In de praktijk gaat het bijna altijd om personen die al een verblijfsrecht verworven hebben in België en naar aanleiding daarvan het LOI moeten verlaten. Wanneer zij binnen de 2 maanden geen huisvesting gevonden hebben, kunnen zij een uitstel van vertrek van 1 maand aanvragen bij Fedasil. Daarna houdt hun recht op opvang op. In uitzonderlijke gevallen kan nog 1 à 2 keer een verlenging aangevraagd worden, echter zonder garantie op goedkeuring door Fedasil.

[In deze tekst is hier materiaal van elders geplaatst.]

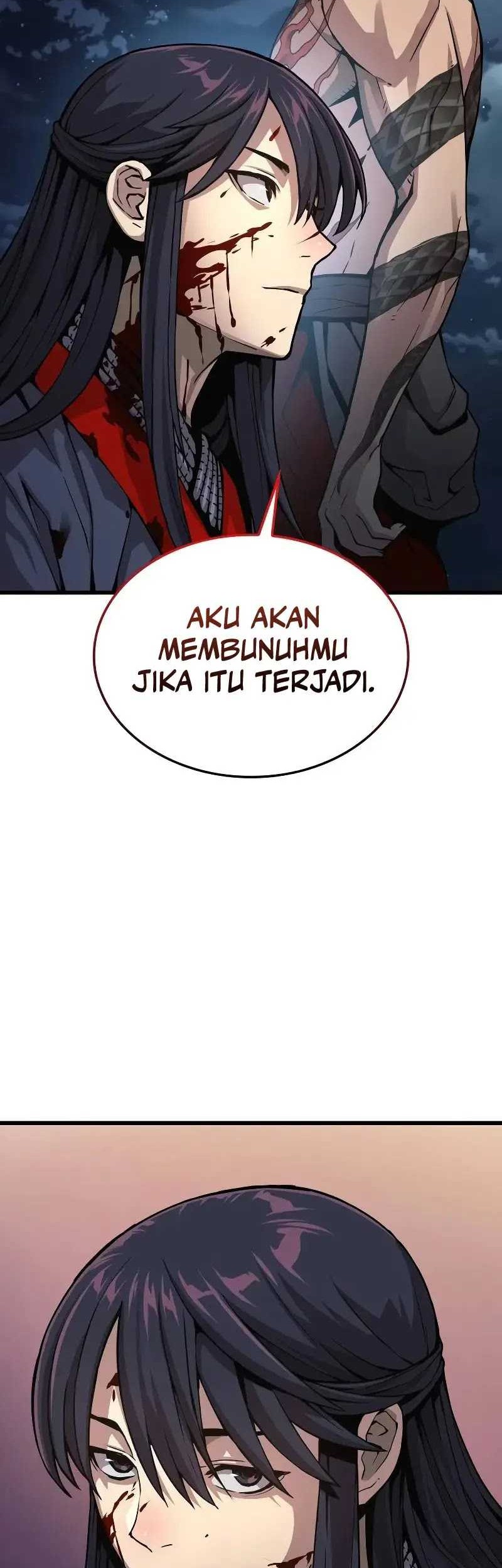 Myst, Might, Mayhem (Legend Of Heavenly Chaos Demon) Chapter 42 - halaman 31
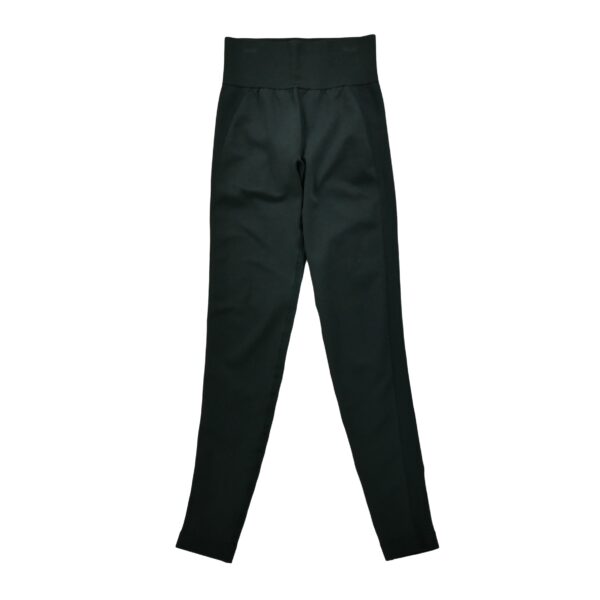 Legging femme noir Gymshark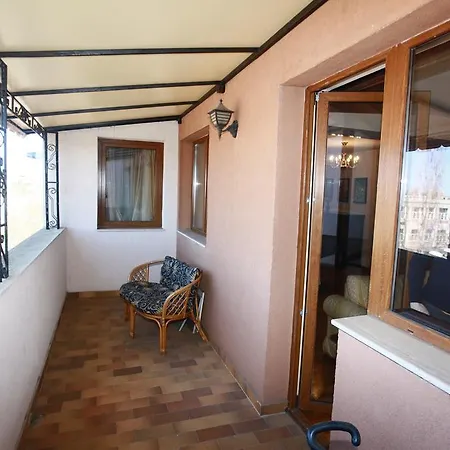 Apartamento Penthouse Renasterii Amazonia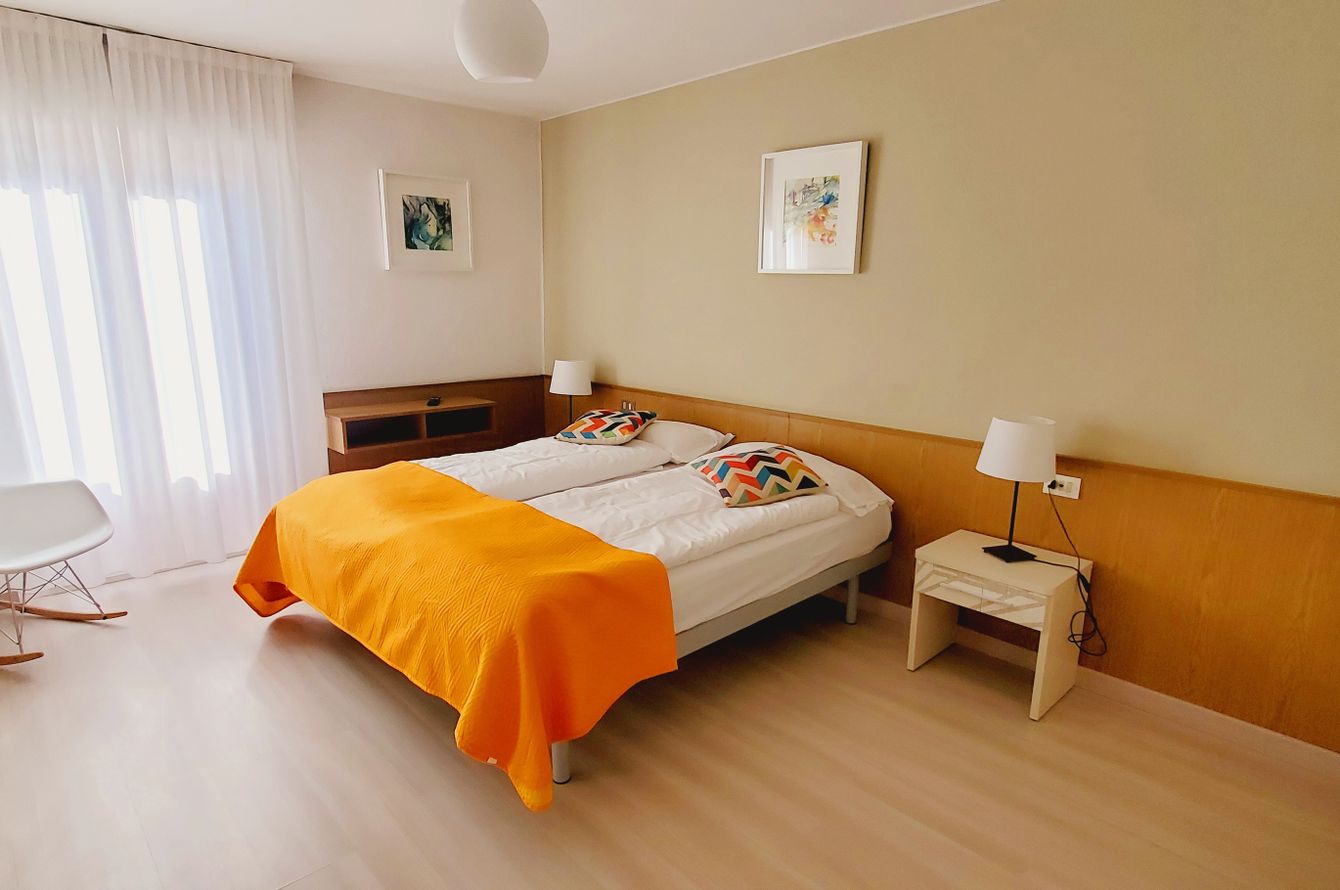 Doppelzimmer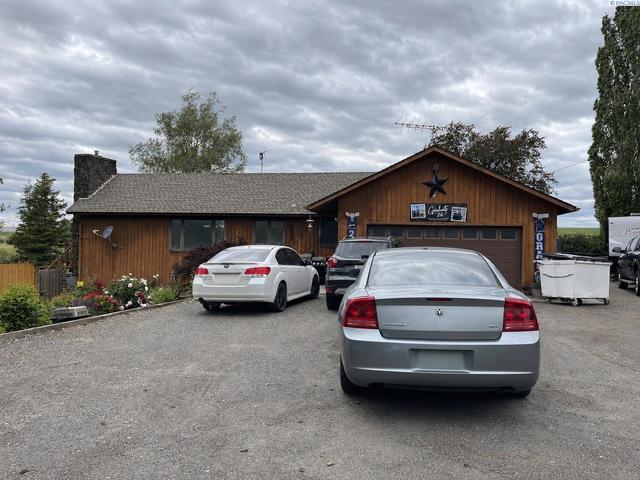 308 N Roberts Rd, Oakesdale, WA 99158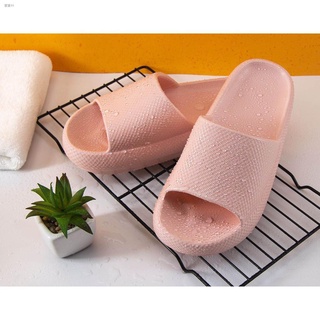 (Sulit Deals!)Ang bagong◑◊[TOP2] Yeezy Slides for Men and Women Summer Home Bath Slippers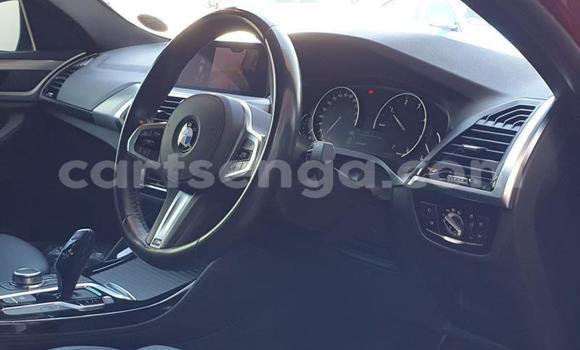 Acheter Occasion Voiture BMW X4 Autre à Mbabane, Manzini Acheter Occasion Voiture BMW X4 Autre à Mbabane, Manzini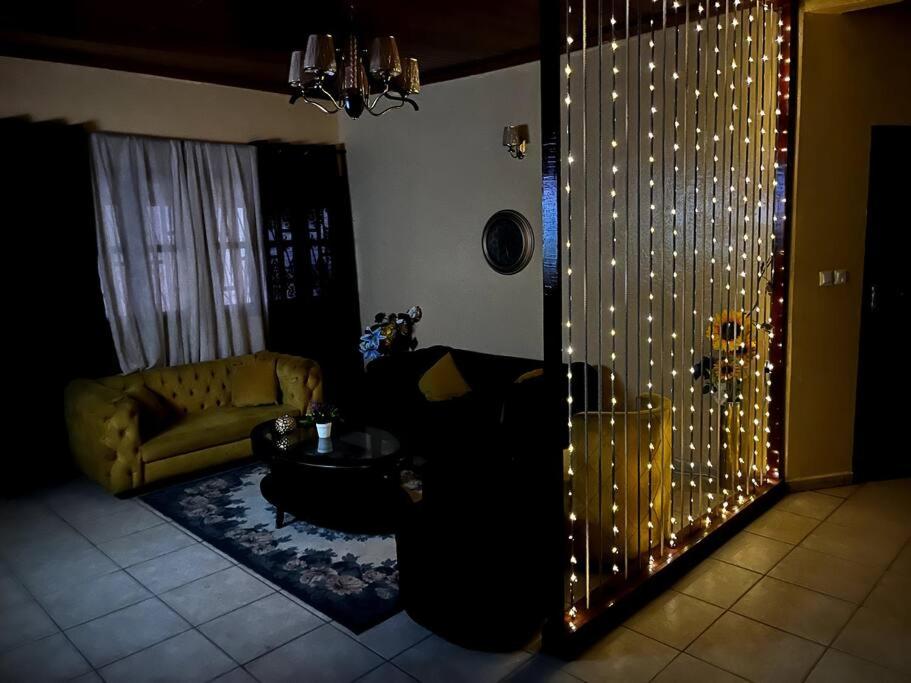 Spacious 2BR Roadside Apartment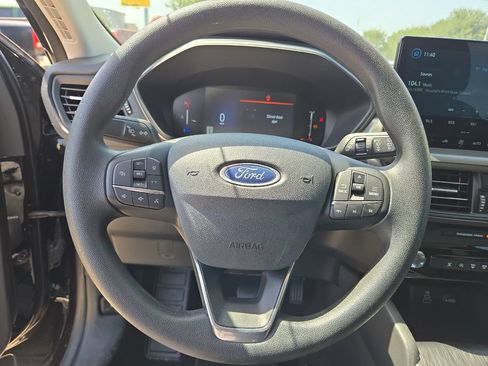 Used 2025 Ford Escape Active w/ Tech Pack #1 FWD image 23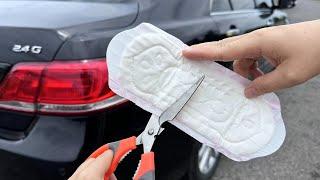 Top 10 Simple Yet Useful Car Hacks Nobody Told You About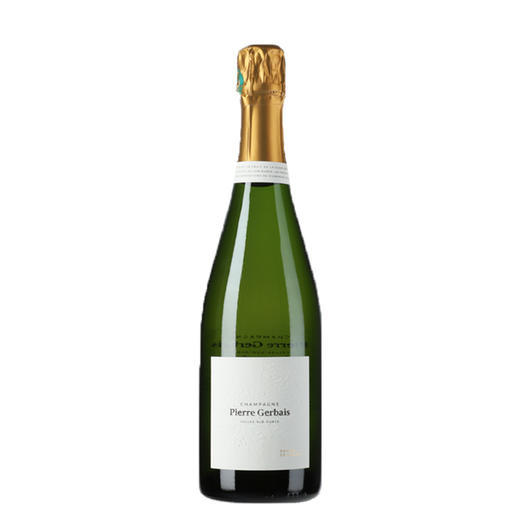Pierre Gerbais "Grain De Celles"  Extra Brut NV  哲别酒庄格兰斯塞勒斯特极干型香槟 商品图2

Voor veel vluchtelingen is de termijn van 2 à 3 maanden zeer krap. De hoge huurprijzen, het verminderde aanbod op de huurmarkt, de hoge energieprijzen, de beperkte kennis van de taal,... zijn allemaal zaken die de zoektocht naar een woning extra bemoeilijken. Voor diegenen die er niet in slagen om binnen de door Fedasil bepaalde termijn zelf in huisvesting te voorzien, kan de doorgangswoning een tijdelijke oplossing bieden.
De terbeschikkingstelling van opvang in een doorgangswoning is een vorm van gepaste individuele dienstverlening zoals voorzien in artikel 60§3 van de organieke wet van 8 juli 1976.
Een toewijzing van een persoon of een familie kan daarom enkel na een sociaal onderzoek, uitgevoerd door een maatschappelijk werker van de sociale dienst, en na een beslissing van het Bijzonder Comité voor de Sociale Dienst of na een beslissing bij hoogdringendheid door de voorzitter van het Bijzonder Comité voor de Sociale Dienst.
Deze dienstverlening wordt bepaald door:
Er dient een huishoudelijk reglement voor deze woning vastgesteld te worden.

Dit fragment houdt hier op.